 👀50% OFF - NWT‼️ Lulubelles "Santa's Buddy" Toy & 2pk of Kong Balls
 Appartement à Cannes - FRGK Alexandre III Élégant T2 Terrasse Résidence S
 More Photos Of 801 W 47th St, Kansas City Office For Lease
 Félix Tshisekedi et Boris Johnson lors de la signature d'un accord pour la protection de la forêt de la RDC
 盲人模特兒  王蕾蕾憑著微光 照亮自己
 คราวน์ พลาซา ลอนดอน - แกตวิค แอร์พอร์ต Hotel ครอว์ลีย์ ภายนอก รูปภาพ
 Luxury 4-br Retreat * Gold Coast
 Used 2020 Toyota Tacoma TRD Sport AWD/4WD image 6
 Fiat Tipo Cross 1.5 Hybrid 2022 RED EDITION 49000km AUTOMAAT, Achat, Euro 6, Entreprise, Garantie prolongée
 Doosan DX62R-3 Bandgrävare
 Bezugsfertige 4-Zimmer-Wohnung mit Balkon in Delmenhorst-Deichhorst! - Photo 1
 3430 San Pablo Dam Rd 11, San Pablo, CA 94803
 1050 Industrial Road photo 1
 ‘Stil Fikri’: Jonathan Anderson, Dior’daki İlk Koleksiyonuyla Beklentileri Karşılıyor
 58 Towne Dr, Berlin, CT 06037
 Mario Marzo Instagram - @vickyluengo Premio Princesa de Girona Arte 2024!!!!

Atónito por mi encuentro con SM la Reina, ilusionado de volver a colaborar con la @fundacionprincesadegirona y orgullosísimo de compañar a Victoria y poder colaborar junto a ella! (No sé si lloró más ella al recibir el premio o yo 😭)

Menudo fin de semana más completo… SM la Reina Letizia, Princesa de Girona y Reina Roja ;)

┄┄┄┄┄┄┄┄┄┄

Task to carry out: After locating the line with "Luxury 4-br Retreat * Gold Coast" in the material above, return it and each line after it exactly, ending at the line with "3430 San Pablo".

Output:
 Luxury 4-br Retreat * Gold Coast
 Used 2020 Toyota Tacoma TRD Sport AWD/4WD image 6
 Fiat Tipo Cross 1.5 Hybrid 2022 RED EDITION 49000km AUTOMAAT, Achat, Euro 6, Entreprise, Garantie prolongée
 Doosan DX62R-3 Bandgrävare
 Bezugsfertige 4-Zimmer-Wohnung mit Balkon in Delmenhorst-Deichhorst! - Photo 1
 3430 San Pablo Dam Rd 11, San Pablo, CA 94803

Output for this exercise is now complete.